Parmi les autres initiatives prometteuses: la restauration des zones humides en régions côtières, des herbiers marins, des marais salants ou encore l’instauration de récifs d’huîtres, qui stabilisent les sédiments riches en carbone et favorisent leur enfouissement. « Préserver et restaurer ces écosystèmes permettrait de les laisser continuer à faire leur travail naturel de stockage du carbone « , conclut Jean-Pierre Gattuso.
Les dangers des canicules marines
Début juillet, une bouée a enregistré une température océanique de surface de près de 31 °C au large de l’archipel des Baléares (Espagne), tandis que la Côte d’Azur affichait des anomalies de +5 °C par rapport à la normale. En Atlantique Nord, l’été 2023 a connu une température record de surface de mer de 25 °C.
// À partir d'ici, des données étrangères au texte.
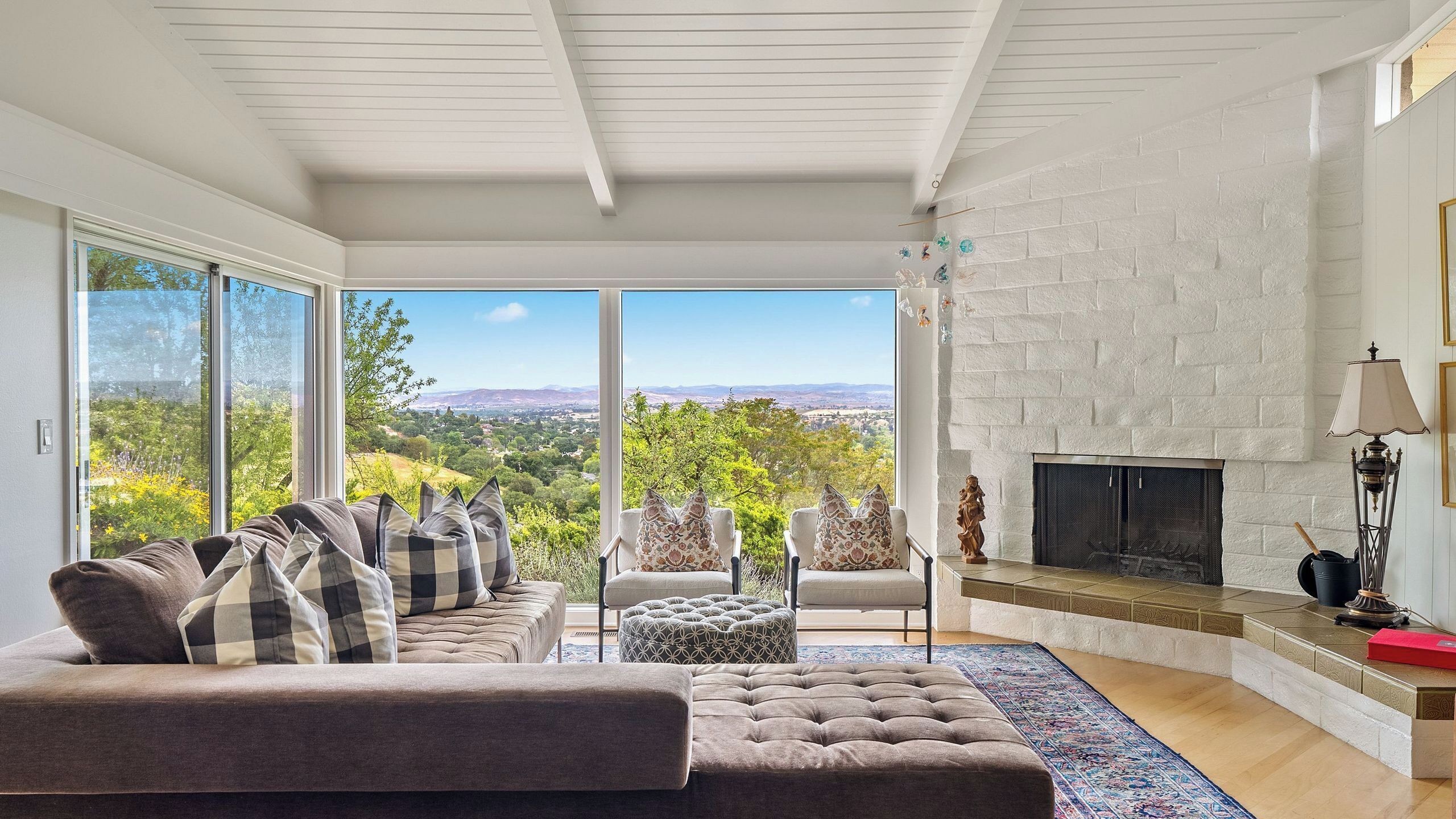 A modern living room with a fireplace, a sofa set, and a view of a green landscape.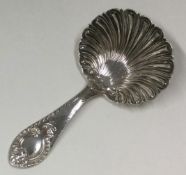 A Silver caddy spoon. Sheffield 1906. By W&H.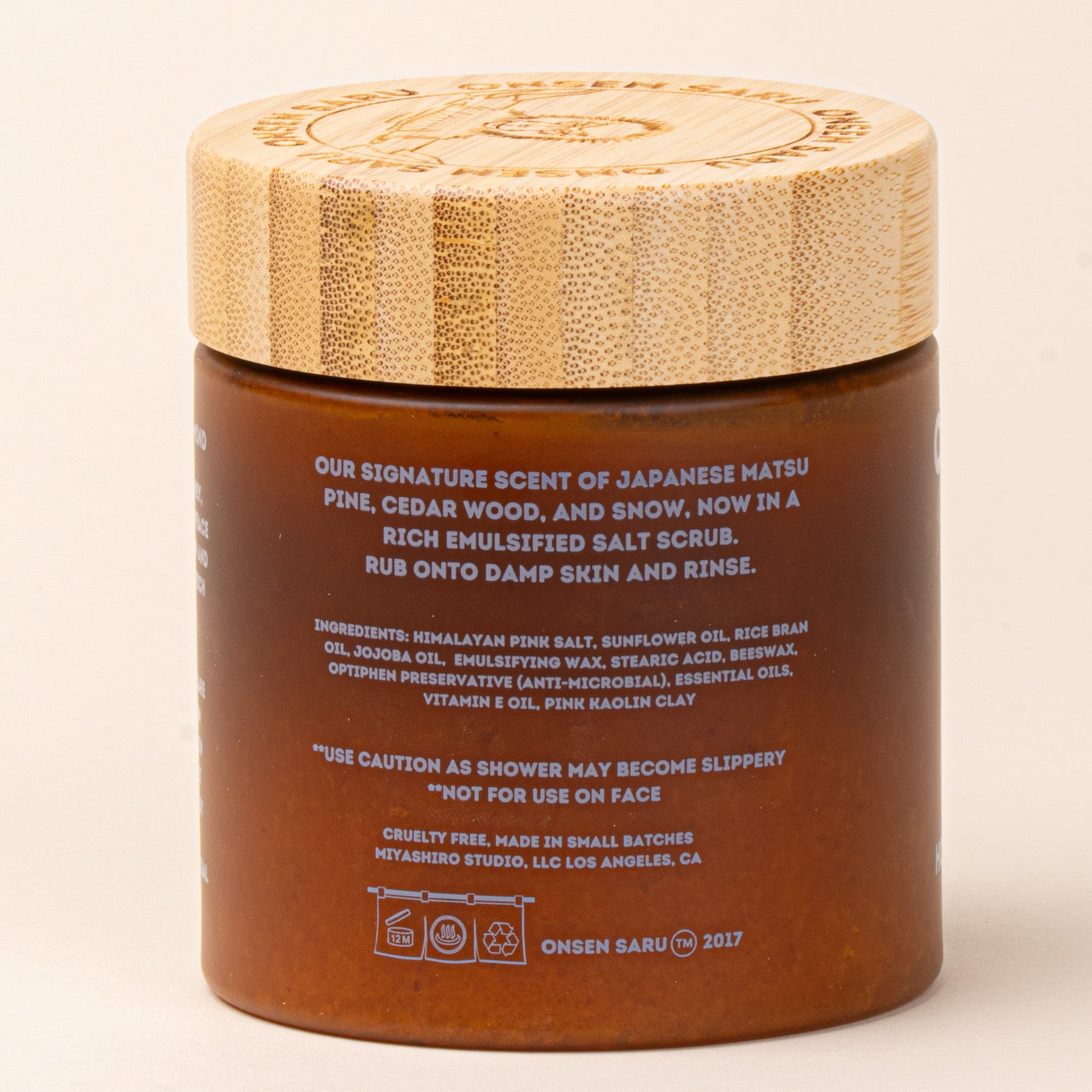 Back of Onsen Saru Hot Spring Salt Scrub in an amber jar with a bamboo lid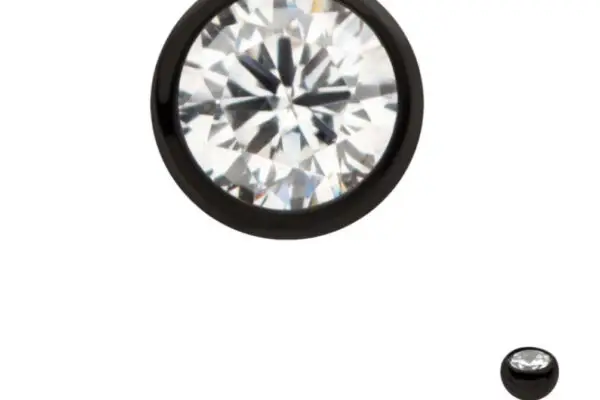 A round clear gemstone is set in the Black Bezel, with a straight post behind it, shown up close and in full view on a white background.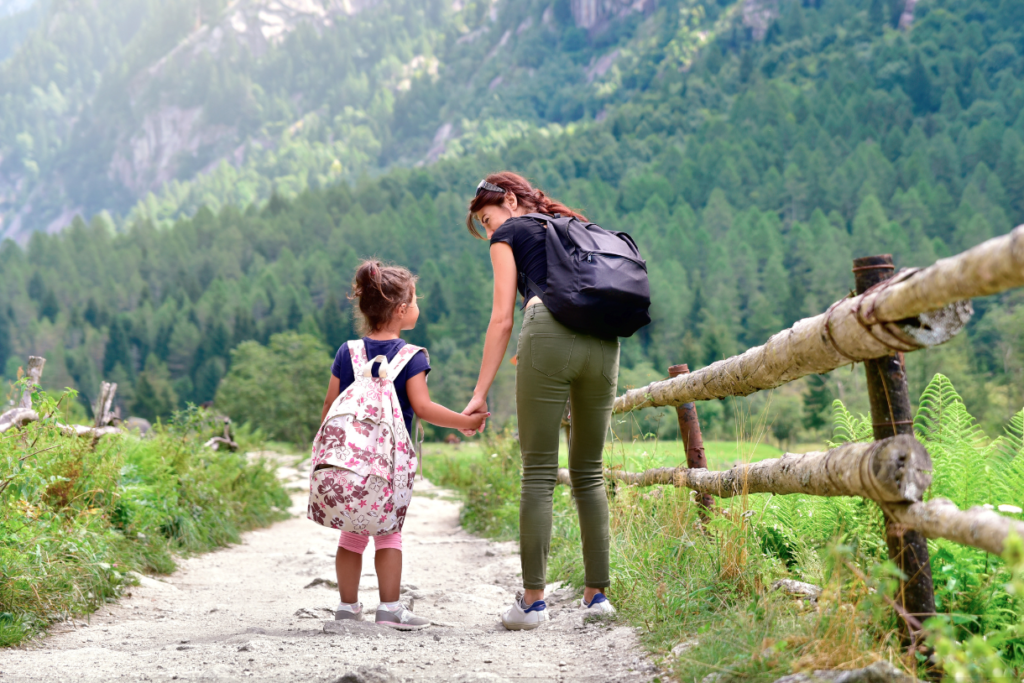 mother and young daughter going on a hike
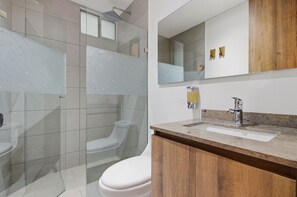 A bathroom with a glass shower enclosure, a toilet, a sink with a wooden vanity, and a mirror. - U-GO Edificio Ambar Roca en Rodadero Sur (Santa Marta)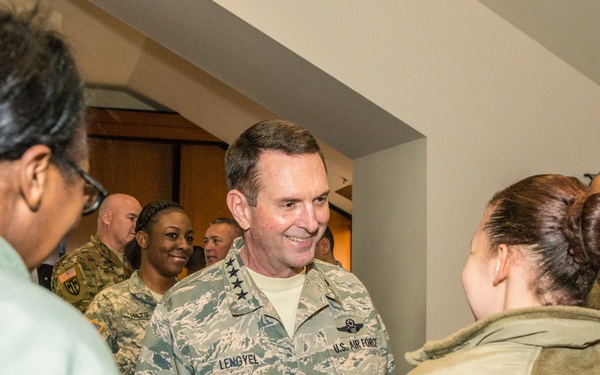 A U.S. Air Force general officer identified by his name tape as 'LENGYEL' is engaged in a friendly conversation with a group of people in what appears to be an indoor military or official setting. He is wearing the Airman Battle Uniform (ABU) with general officer rank insignia visible on his shoulders. The atmosphere appears informal and social, with multiple people smiling and interacting.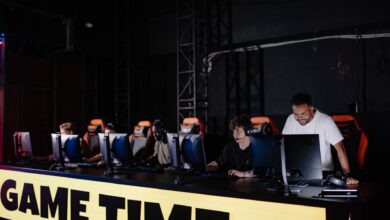 Esports team engaged in competitive gaming session indoors, showcasing teamwork and concentration.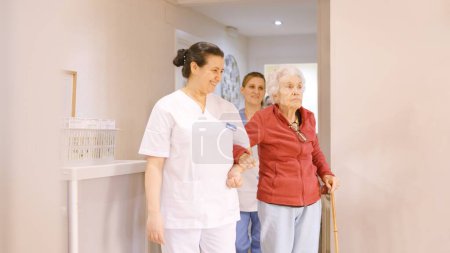 Foto de Cuidadores que sostienen el brazo de personas mayores mientras caminan en un geriátrico - Imagen libre de derechos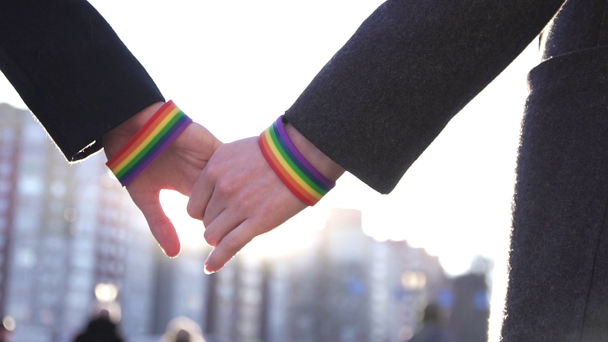 Two hands together with LGBT bracelets against the background of the street and the sun - Footage, Video
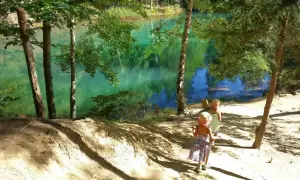 Dwie dziewczynki w słomkowych kapeluszach idą ścieżką nad turkusowe jezioro. Idealne miejsce, gdzie w góry z dzieckiem 2 letnim na spacer.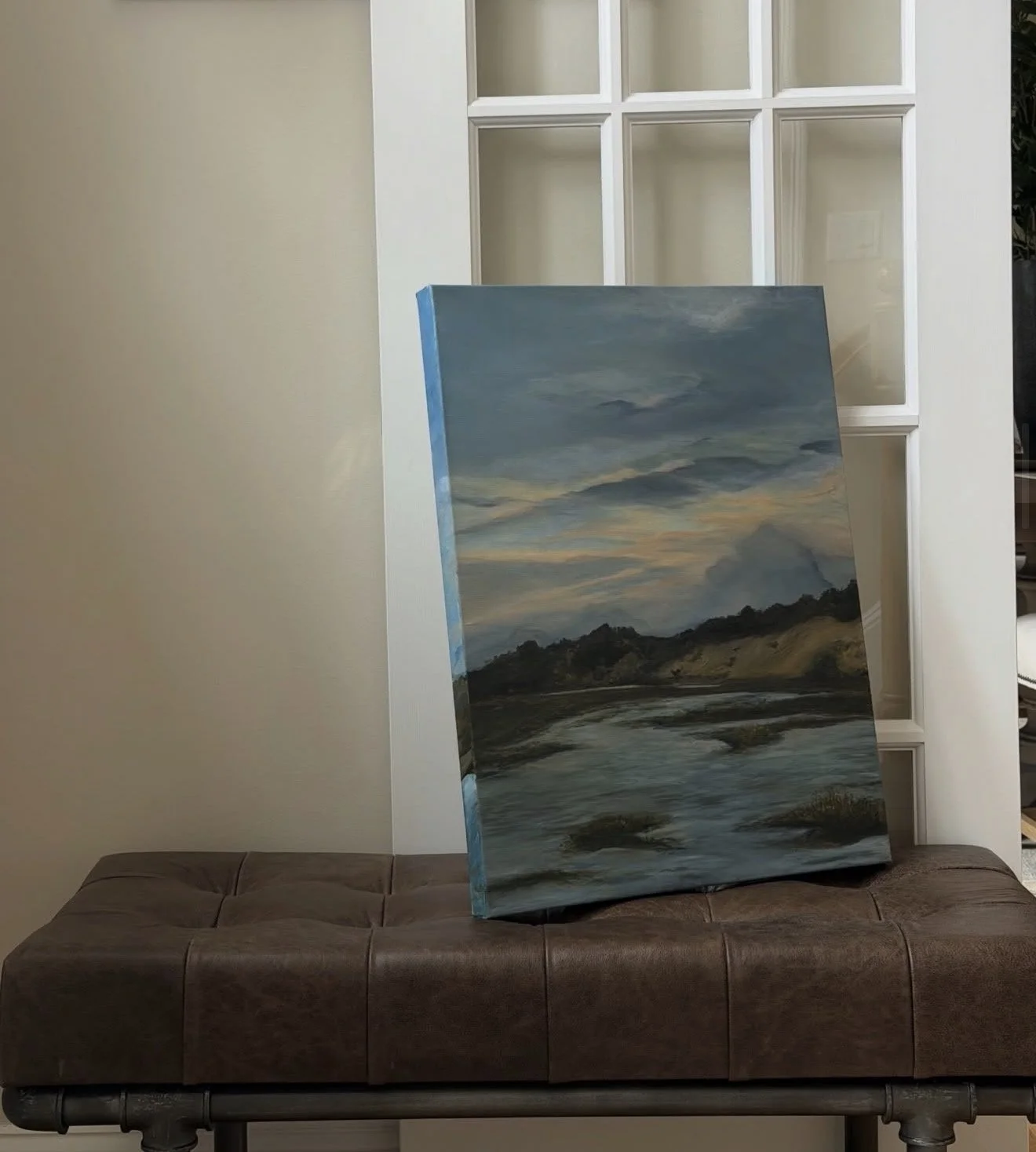 A landscape painting of a river, with a blue sky and clouds, leaning on a brown cushioned bench in front of a white decorative window frame.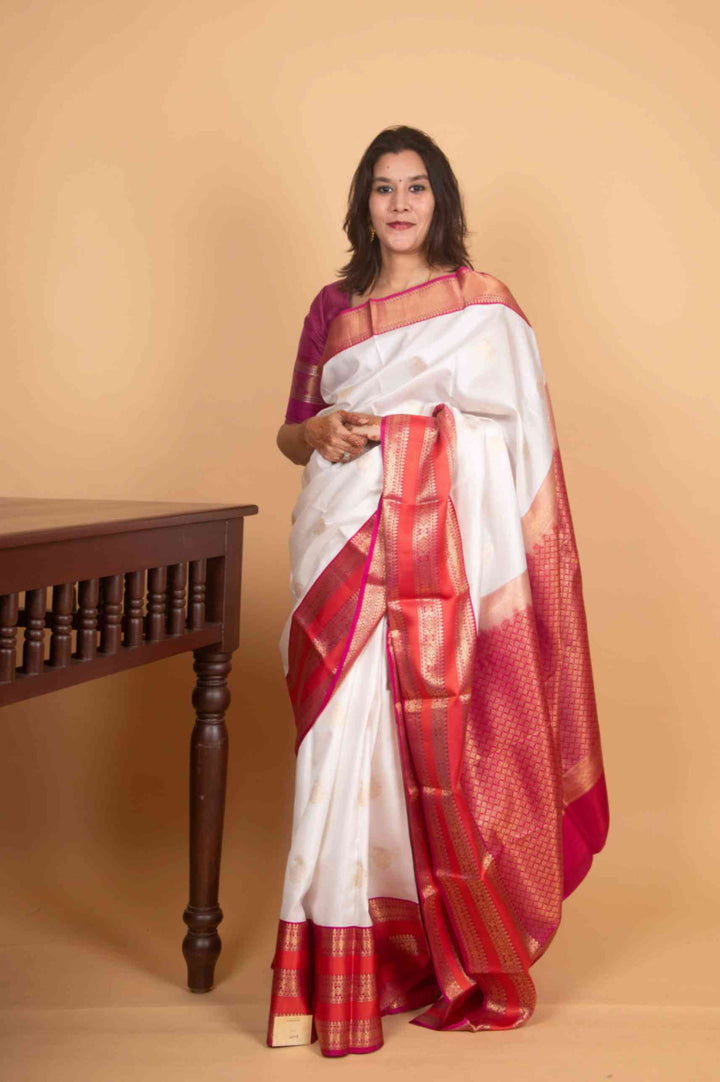 Pearl white and magenta korvai pure silk saree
Les canicules marines, et plus généralement le réchauffement des eaux de surface, réduisent l’efficacité des deux « pompes » océaniques. Plus chaudes, les eaux dissolvent moins de CO2. Moins denses, elles contribuent à la stratification de l’océan, qui réduit le brassage entre surface et profondeur, et donc le transport du CO2 vers les abysses. Cela limite aussi l’apport d’azote et de phosphore des couches profondes vers la surface, ce qui affecte la productivité phytoplanctonique. Le rôle de l’océan comme puits de carbone en est affecté et cela crée une boucle positive en faveur du réchauffement global.